▶ DATASET EXCERPT

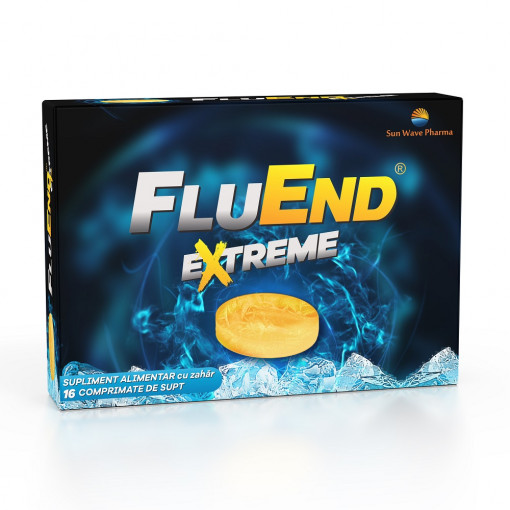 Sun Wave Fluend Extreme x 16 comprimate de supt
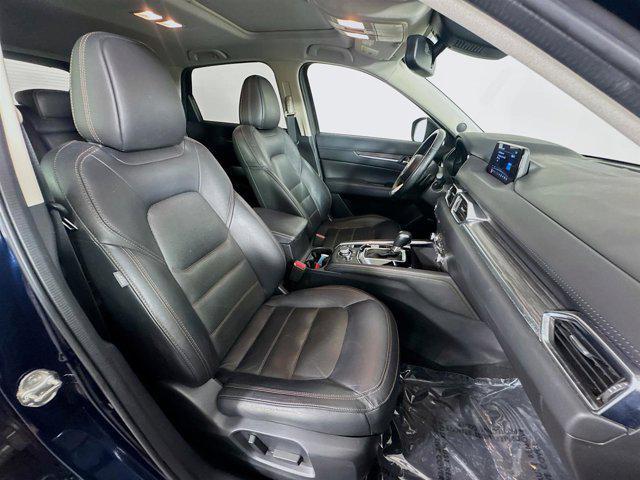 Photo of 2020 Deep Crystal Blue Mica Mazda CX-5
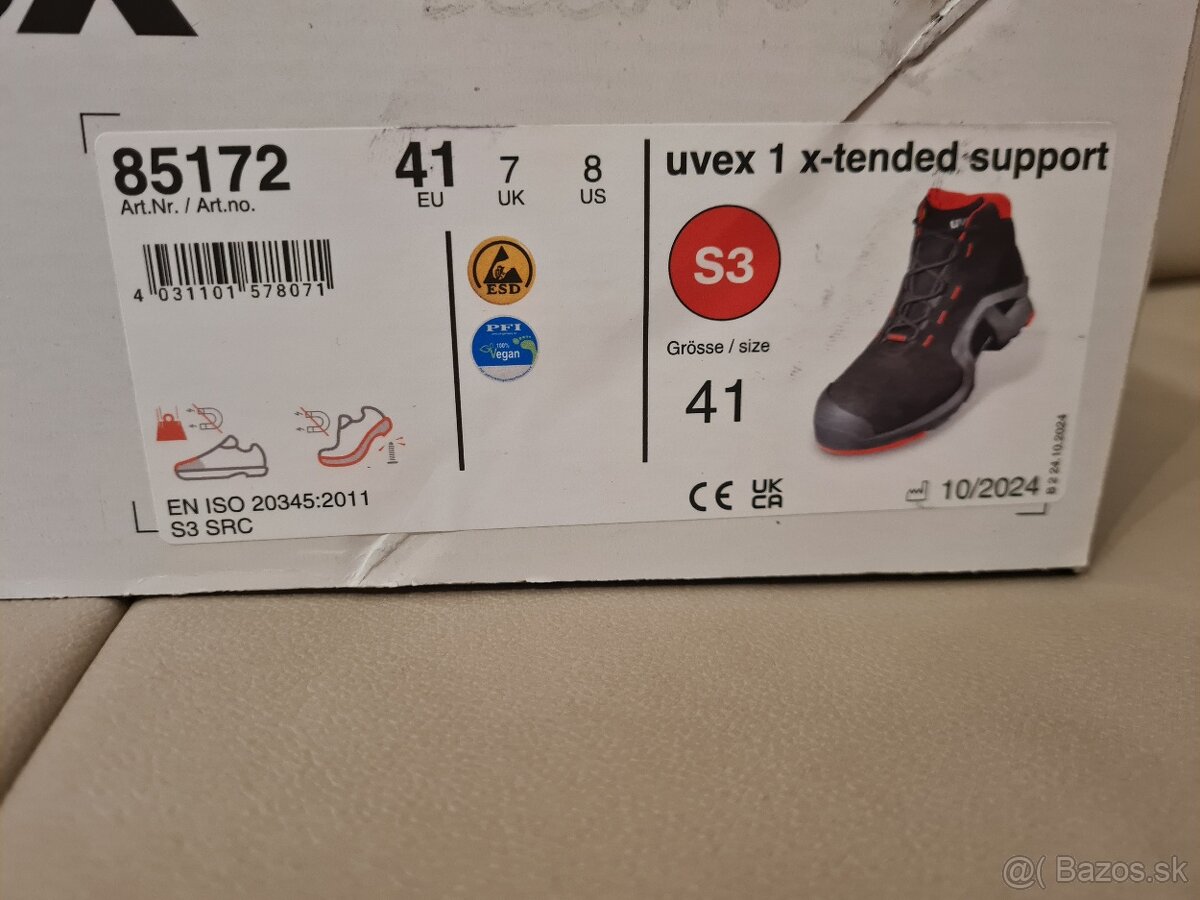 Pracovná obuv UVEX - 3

▶ PROBLEM STATEMENT
All of the material above goes into the copy exactly as is; the pictures do not.

▶ PROBLEM SOLUTION
 Sun Wave Fluend Extreme x 16 comprimate de supt
 Photo of 2020 Deep Crystal Blue Mica Mazda CX-5
 Pracovná obuv UVEX - 3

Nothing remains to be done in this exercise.